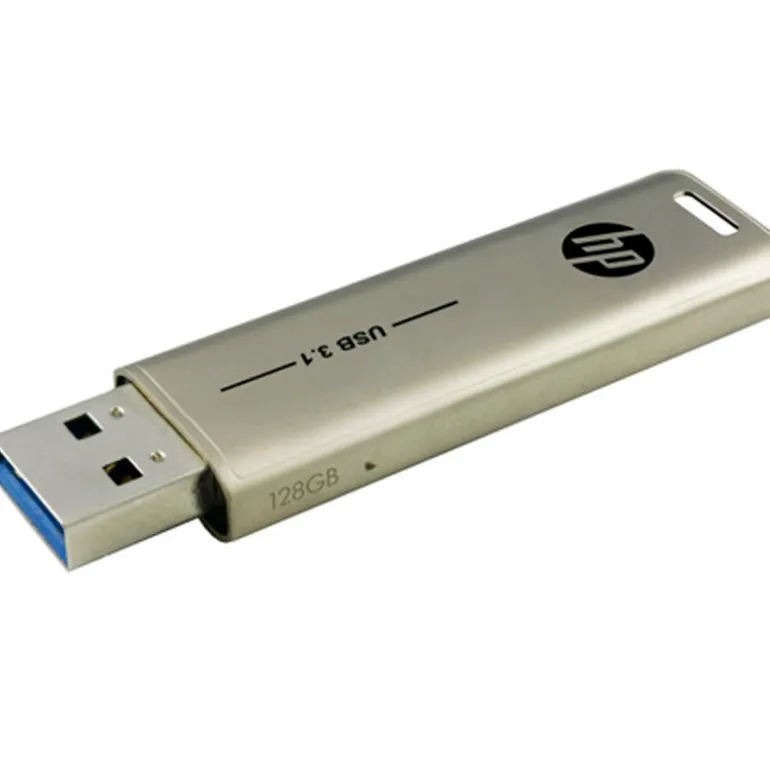 Pendrive HP HPFD796L 128GB USB 3.1 X796W Plateado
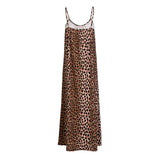 Liberté Liberté dam klänning 9579 ALMA Dress LUX LEO RED HEART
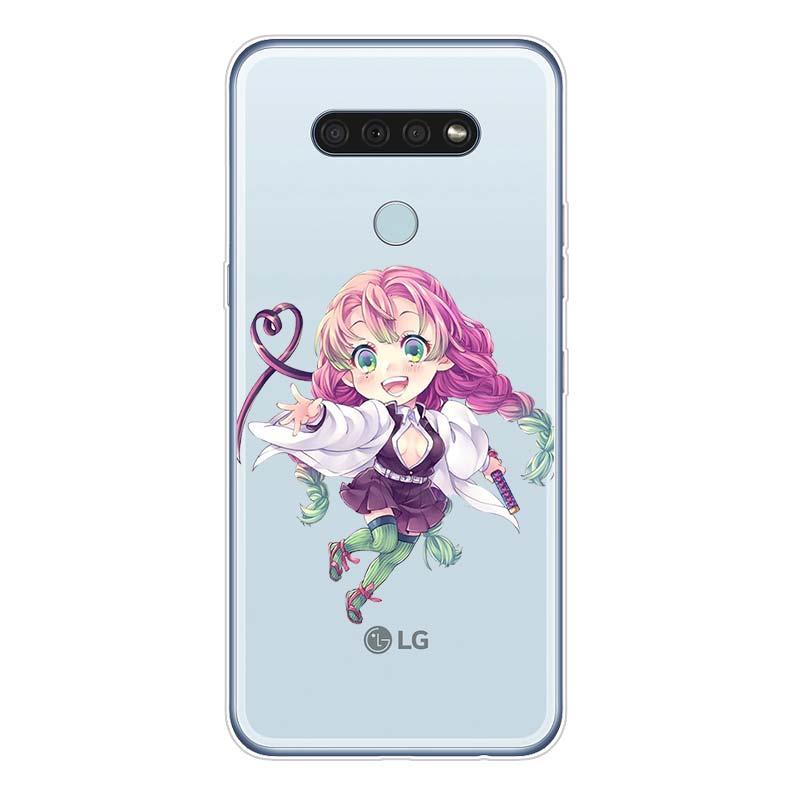 Крутой чехол Kimetsu No Yaiba для LG K92 K52 K62 K22 K71 K61 K51S K41S G8 G8S G8X V35 V50 V40 V50S V60 Q60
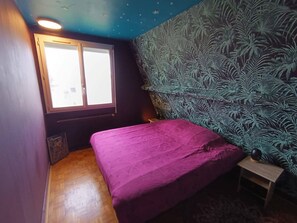 2 bedrooms, iron/ironing board, WiFi, bed sheets - Appartement Atypique de 70 m2 (Aubervilliers)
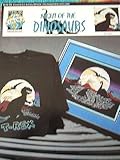 NIGHT OF THE DINOSAURS CROSS STITCH GRAPH #BCL10109 DESIGNED BY DAVE KINSEY FOR TRUE COLORS CROSS STITCH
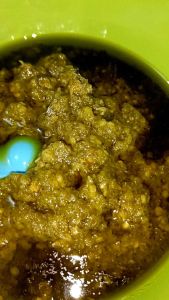 SAMBEL IJO / SAMBEL GOANG 120 GRAM KEMASAN BOTOL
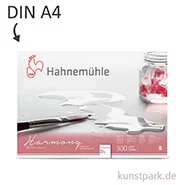 Artikelbild des Artikels “Hahnemühle HARMONY Aquarell Papier, 12 Blatt, 300g - matt DIN A4“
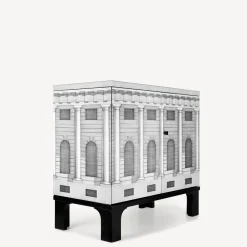 Cabinets<Fornasetti Small Sideboard Architettura White/Black
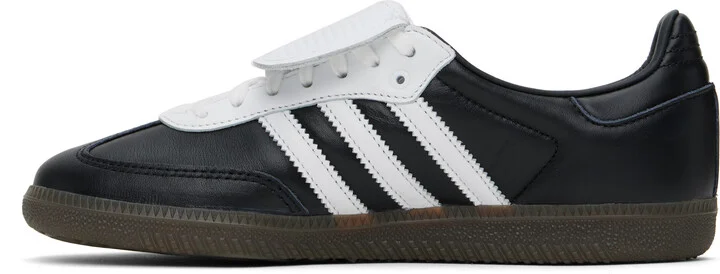 adidas Originals Black & White Samba LT Sneakers - Image 3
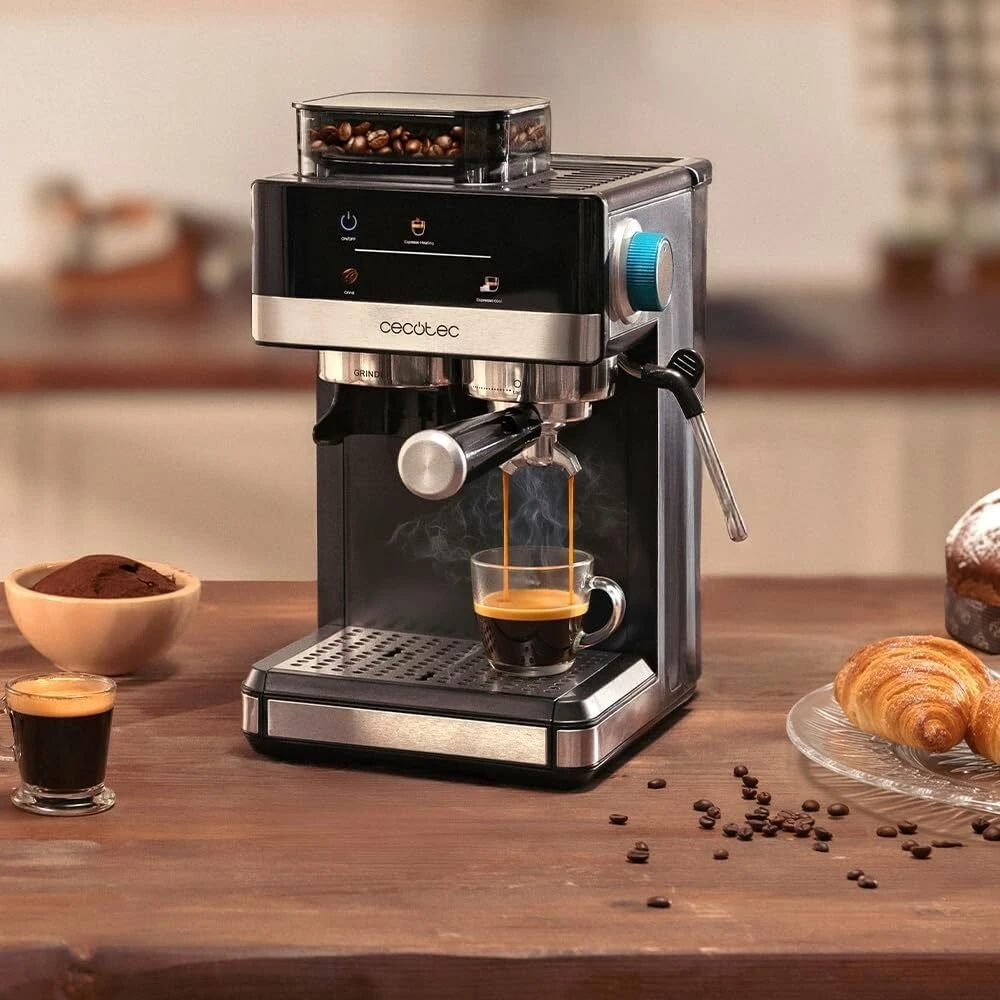 Slėginis kavos aparatas Cecotec Power Espresso 20 Grind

## Aim of the task
Exact lines, nothing more: output the one with "NIGHT OF THE" and every later line through the end of the data, skipping pictures.

## Answer to this problem
 NIGHT OF THE DINOSAURS CROSS STITCH GRAPH #BCL10109 DESIGNED BY DAVE KINSEY FOR TRUE COLORS CROSS STITCH
 SAMBEL IJO / SAMBEL GOANG 120 GRAM KEMASAN BOTOL
 Artikelbild des Artikels “Hahnemühle HARMONY Aquarell Papier, 12 Blatt, 300g - matt DIN A4“
 Cabinets<Fornasetti Small Sideboard Architettura White/Black
 adidas Originals Black & White Samba LT Sneakers - Image 3
 Slėginis kavos aparatas Cecotec Power Espresso 20 Grind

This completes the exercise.